Ricki and the Flash

Ricki and the Flash

Jonathan Demme (2015)

Ricki and the Flash are a rock band, with a regular evening spot in a small Los Angeles bar.  They’re very popular there but lead singer Ricki (Meryl Streep) still needs, in order to make ends meet, to work by day as a supermarket cashier.  Years ago, Ricki – real name Linda – had ambitions to be a big-time rock star (she plays guitar as well as singing):  she walked out on her husband Pete (Kevin Kline) and their three children, to further her career.   Pete remarried some time back but his new wife Maureen (Audra McDonald) is away and Ricki gets a call from him:  their daughter Julie’s husband has been cheating on her and Julie (Mamie Gummer) has attempted suicide.  Ricki flies back to the family home in Indianapolis.  Jonathan Demme’s new film is rightly named because the band’s numbers – even though I don’t like their kind of music – are its strength.  Their opening routines are promising; by the time she eventually comes back to LA after her stay with Pete and Julie, I was desperate for more from Ricki and the Flash.

The intervening return to Indianapolis – which the heroine, in spite of her long estrangement from her daughter and being broke, undertakes without a moment’s thought – is poor stuff:  Ricki’s family are so tedious that you understand why she abandoned them.   Diablo Cody’s screenplay is disappointing.  Julie, not unreasonably hostile when Ricki first reappears, capitulates too easily to her mother’s spunk and humour; Audra McDonald plays Maureen with authority but the showdown between her and Ricki is purely functional in exposing the latter’s feelings of guilt and regret.  (The best part of the scene comes when Maureen exits and Meryl Streep cries quietly in the bathroom.)  It’s hard to see how Ricki-Linda and the stuffed shirt Pete ever got together:  there’s one moment, after he’s smoked some pot, when Kevin Kline is able to hint at something they might once have had in common, under the layers of difference that the years have grown, but he isn’t given the opportunity to show more.  And Diablo Cody’s characterisation of Ricki as right wing is very shallow.  (She voted for Bush, loathes Obama, that’s about it.)
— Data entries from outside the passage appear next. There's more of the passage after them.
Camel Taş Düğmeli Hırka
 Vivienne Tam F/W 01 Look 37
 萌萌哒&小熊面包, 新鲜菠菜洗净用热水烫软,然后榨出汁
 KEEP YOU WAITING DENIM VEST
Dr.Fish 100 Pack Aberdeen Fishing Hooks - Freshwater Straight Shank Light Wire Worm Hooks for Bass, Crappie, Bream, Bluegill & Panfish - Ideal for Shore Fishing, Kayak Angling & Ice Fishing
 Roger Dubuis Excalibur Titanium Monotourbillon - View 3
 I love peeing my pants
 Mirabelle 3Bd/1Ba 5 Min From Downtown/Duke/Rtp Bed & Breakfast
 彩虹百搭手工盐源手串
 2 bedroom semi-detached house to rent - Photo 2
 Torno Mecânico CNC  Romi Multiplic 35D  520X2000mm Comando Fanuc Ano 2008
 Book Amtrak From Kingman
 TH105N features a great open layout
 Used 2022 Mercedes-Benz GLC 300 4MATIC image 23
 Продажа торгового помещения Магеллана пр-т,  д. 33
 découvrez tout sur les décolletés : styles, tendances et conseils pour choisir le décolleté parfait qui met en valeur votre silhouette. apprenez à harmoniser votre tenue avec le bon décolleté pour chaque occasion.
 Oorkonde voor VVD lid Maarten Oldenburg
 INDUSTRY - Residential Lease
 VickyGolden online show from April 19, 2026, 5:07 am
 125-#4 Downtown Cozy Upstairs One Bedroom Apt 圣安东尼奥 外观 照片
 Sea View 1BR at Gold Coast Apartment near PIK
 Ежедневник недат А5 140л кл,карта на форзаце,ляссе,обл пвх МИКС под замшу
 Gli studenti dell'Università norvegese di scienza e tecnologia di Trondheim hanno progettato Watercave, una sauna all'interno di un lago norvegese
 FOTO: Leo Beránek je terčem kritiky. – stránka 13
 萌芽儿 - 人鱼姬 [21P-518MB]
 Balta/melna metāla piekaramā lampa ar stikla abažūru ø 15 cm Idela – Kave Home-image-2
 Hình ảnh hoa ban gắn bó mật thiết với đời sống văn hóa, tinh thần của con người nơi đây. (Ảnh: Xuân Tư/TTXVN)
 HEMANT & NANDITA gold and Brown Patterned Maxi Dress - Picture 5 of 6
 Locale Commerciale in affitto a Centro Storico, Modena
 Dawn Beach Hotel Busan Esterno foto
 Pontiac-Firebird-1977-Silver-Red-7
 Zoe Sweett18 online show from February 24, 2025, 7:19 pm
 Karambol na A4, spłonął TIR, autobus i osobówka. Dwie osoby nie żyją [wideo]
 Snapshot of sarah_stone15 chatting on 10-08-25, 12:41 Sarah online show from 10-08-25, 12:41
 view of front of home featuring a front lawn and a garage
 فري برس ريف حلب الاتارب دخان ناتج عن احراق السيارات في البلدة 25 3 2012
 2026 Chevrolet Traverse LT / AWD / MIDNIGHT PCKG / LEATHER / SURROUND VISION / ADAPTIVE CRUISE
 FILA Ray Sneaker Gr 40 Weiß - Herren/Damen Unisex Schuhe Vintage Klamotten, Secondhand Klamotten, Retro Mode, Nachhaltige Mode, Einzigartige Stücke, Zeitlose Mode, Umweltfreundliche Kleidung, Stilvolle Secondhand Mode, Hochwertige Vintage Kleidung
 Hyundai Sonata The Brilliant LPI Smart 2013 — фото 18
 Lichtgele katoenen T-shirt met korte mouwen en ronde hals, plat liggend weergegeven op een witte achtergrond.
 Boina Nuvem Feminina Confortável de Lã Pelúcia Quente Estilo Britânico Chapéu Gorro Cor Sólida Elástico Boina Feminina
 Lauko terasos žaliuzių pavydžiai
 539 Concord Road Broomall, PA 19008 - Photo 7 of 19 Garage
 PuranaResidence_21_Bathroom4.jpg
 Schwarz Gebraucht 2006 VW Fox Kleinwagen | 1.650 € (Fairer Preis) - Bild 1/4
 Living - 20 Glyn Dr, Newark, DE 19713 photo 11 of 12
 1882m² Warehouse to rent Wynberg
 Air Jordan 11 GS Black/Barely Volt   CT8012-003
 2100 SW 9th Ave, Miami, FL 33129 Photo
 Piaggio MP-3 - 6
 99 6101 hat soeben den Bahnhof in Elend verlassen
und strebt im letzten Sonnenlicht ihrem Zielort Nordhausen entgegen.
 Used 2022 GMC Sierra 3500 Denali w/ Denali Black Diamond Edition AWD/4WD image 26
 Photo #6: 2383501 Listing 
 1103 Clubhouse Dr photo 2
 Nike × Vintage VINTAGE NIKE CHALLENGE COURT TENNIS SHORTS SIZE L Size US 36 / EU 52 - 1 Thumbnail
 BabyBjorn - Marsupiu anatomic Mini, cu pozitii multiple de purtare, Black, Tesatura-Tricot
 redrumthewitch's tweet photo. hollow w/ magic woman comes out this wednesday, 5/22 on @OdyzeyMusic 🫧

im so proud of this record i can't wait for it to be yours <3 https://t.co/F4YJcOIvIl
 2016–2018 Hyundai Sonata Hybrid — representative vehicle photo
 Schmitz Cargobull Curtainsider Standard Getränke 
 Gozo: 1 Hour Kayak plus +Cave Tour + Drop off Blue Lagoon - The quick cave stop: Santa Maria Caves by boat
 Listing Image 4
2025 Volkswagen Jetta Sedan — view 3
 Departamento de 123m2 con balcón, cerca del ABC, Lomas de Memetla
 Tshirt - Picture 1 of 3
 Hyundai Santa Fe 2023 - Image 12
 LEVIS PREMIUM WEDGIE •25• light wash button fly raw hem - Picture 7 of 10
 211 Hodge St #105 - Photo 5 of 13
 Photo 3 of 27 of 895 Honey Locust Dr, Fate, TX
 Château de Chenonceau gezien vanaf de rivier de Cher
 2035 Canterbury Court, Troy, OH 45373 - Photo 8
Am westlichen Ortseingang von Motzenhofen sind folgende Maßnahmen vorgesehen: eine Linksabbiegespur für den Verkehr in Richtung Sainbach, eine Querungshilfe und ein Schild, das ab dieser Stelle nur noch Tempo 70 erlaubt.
The film looks up in its second half chiefly because Meryl Streep, once Ricki’s back on stage in Los Angeles, can sing not only with gusto but also in character:  without the song choices becoming too obviously linked to Ricki’s offstage life, Streep invests the numbers with emotions that draw on the character’s feelings about her daughter – and about Greg (Rick Springfield), the Flash’s lead guitarist, who’s in love with Ricki.  (This relationship is kept under wraps until it needs to become more central.)  Although there are others in the cast with whom she goes back much further (Mamie Gummer is her eldest daughter and Kevin Kline co-starred in Sophie’s Choice), the best connection in the film is between Streep and Rick Springfield’s Greg – onstage and off.   Springfield, who is relaxed and likeable, has acted before but not that much:  Meryl Streep plays her scenes with him sensitively, as if taking care not to overpower him.  She’s developed a good, husky voice for this role and it’s impressively absorbed:  Ricki’s vocal tones when she speaks are coherent with her singing voice and credibly suggest the wear and tear of a difficult, disappointed life.  Streep is funny too in the couple of short scenes of Ricki working at the checkout.  (This is the first film, by the way, that she’s made without Roy Helland doing her hair and make-up since before Sophie’s Choice.  He is back for Suffragette.)

As you’d expect from the director of Stop Making Sense (etc), Jonathan Demme is good at staging the rock numbers.  Demme also did a fine job with a wedding in Rachel Getting Married but the matrimonial climax to Ricki and the Flash – the marriage of one of Ricki’s sons – is a very mixed bag.  Greg persuades Ricki to accept Maureen’s olive-branch invitation to the event and sells his guitar to finance this second journey to Indianapolis.  There are moments at the wedding that are well observed but the guests stare at the outsiders Ricki and Greg too emphatically, and the finale isn’t pretty.  Ricki’s unconventional present to her son and his bride is – to the initial consternation of the gathering – to take to the stage and perform with Greg and the rest of the Flash (who suddenly emerge).  This might have been effective if, after doing the one song, Ricki had quietly taken her leave but just the opposite happens.  I couldn’t stop thinking how awful it must be to get married and have someone, even Meryl Streep, ruin your painstaking preparations.  When all the proper, snobby guests start grooving to the music, the free-for-all brings Ricki and the Flash perilously close to the finale of Mamma Mia!